For many novice engineers, it now becomes painfully obvious that even a 15-kV IEC-ESD protection circuit will barely survive a single, 1-kV EFT pulse, let alone a 4-kV EFT pulse train, which has risen to the standard requirement in many industrial automation and e-metering applications.

To protect bus nodes against high-energy transients, the implementation of external transient protection devices is necessary. Figure 4 suggests two circuit designs providing protection against light and heavy surge transients, in addition to ESD and EFT transients. The table presents the associated bill of materials.


4. Different designs can be used to provide protection against light and heavy surge transients and against ESD and EFT transients. Both circuits are designed for 10-kV ESD and 4-kV EFT transient protection. But the circuit (a) provides surge protection of up to 1-kV transients only, while protection circuit (b) can withstand surge transients of 5 kV and more.

Both circuits are designed for 10-kV ESD and 4-kV EFT transient protection. But the circuit in Figure 4a provides surge protection of up to 1-kV transients only, while the protection circuit in Figure 4b can withstand surge transients of 5 kV and more.

Design And Layout Considerations

On-chip IEC-ESD protection is good for laboratory and portable equipment, but insufficient for EFT and surge transients occurring in industrial environments. Therefore, robust and reliable bus node designs require external transient protection devices.
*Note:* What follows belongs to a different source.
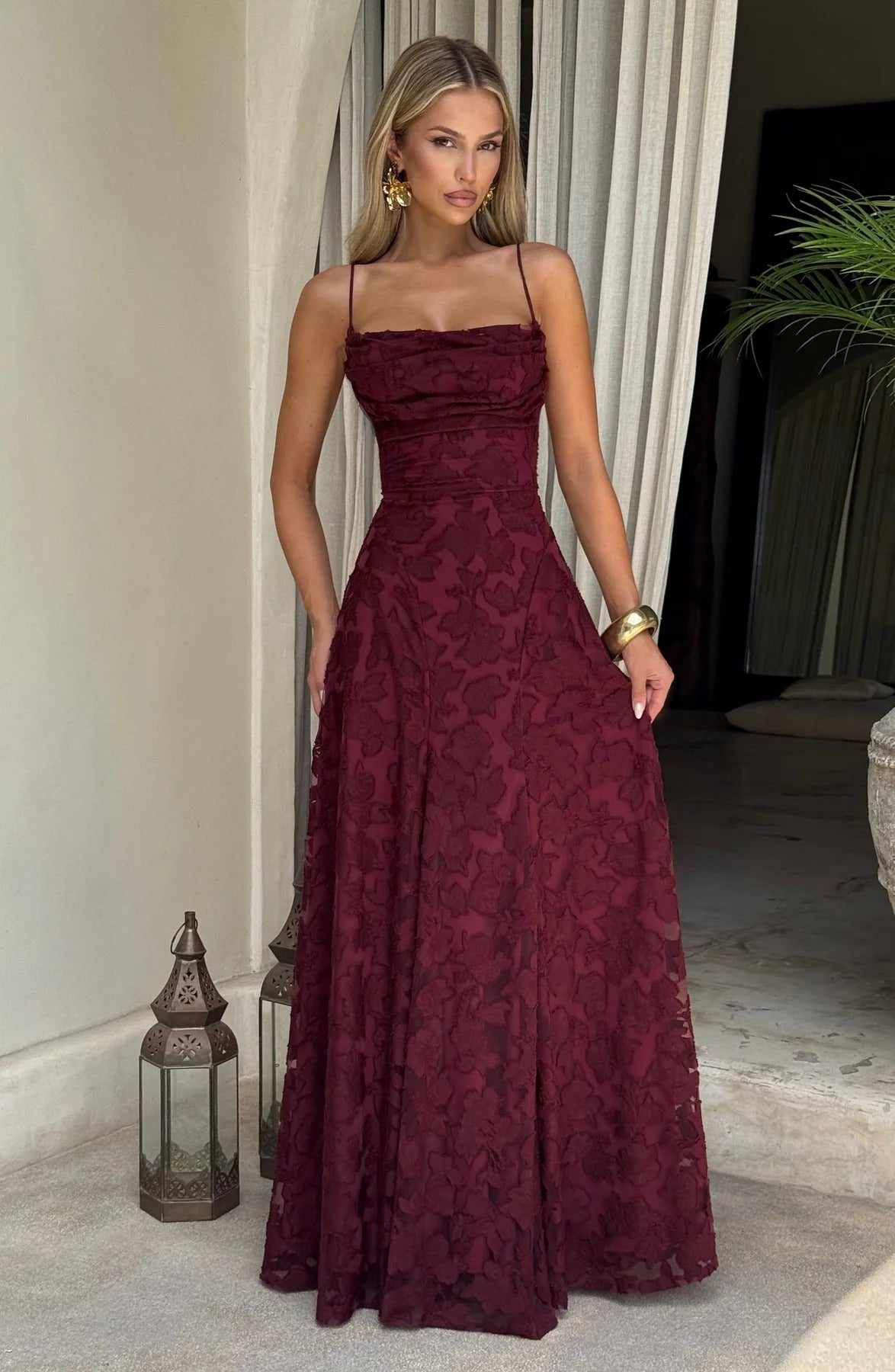 Carmilla™ | Elegant Floral Overlay Occasion Maxi Dress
Because ESD and EFT transients have a wide frequency bandwidth from approximately 3 MHz to 3 GHz, high-frequency layout techniques must be applied during PCB design. For your PCB design to be successful, start with the protection circuit design in mind.

Place the protection circuitry close to the bus connector to prevent noise transients from penetrating your board. Use VCC and ground planes to provide low-inductance paths for the transient currents to return to their source.

Note that high-frequency currents follow the path of least inductance and not the path of least impedance. Design the protection components into the direction of the signal path. Do not force transient currents to divert from the signal path to reach the protection device.

Apply 100-nF to 220-nF bypass capacitors as close as possible to the VCC pins of the transceiver, UART, and controller ICs on the board. Use at least two vias for VCC and ground connections of bypass capacitors and protection devices to minimize effective via inductance. Use 1k to 10k pull-up/down resistors to enable lines to limit noise currents in these lines during transient events.

Insert pulse-proof resistors into the A and B bus lines, if the transient voltage suppressor (TVS) clamping voltage is higher than the specified maximum voltage of the transceiver bus terminals. These resistors limit the residual clamping current into the transceiver and prevent it from latching up.

While pure TVS protection is sufficient for surge transients up to 1 kV, higher transients require metal-oxide varistors (MOVs), which reduce the transients to a few hundred volts of clamping voltage, and transient blocking units (TBUs) that limit transient currents to less than 1 mA.

Conclusion

While implementing IEC-ESD protection on-chip increases the robustness of portable equipment significantly, which most likely experience discharge events due to human contact with connectors and cables, it is insufficient to protect your circuit against EFT and surge transients.

Even if you had a transceiver that survives these high-energy transients, your microcontroller, UART, and voltage regulator most likely won’t. What then is the point of receiving data, if no one is home to process them?

References

  1. Kugelstadt, Thomas. “Protecting RS-485 Interfaces Against Lethal Electrical Transients,” Application Report (SLLA292A), Texas Instruments, May 2009, revised March 2011.
  2. Handling Transient Threats in RS-485 Systems,” Application Note (e/CPK1146), Bourns Inc., November 2011.
  3. Russell, Bill; Puls, Tim. “Off-chip ESD Protection Anticipates IC Scaling,” Semtech Corp., 2007.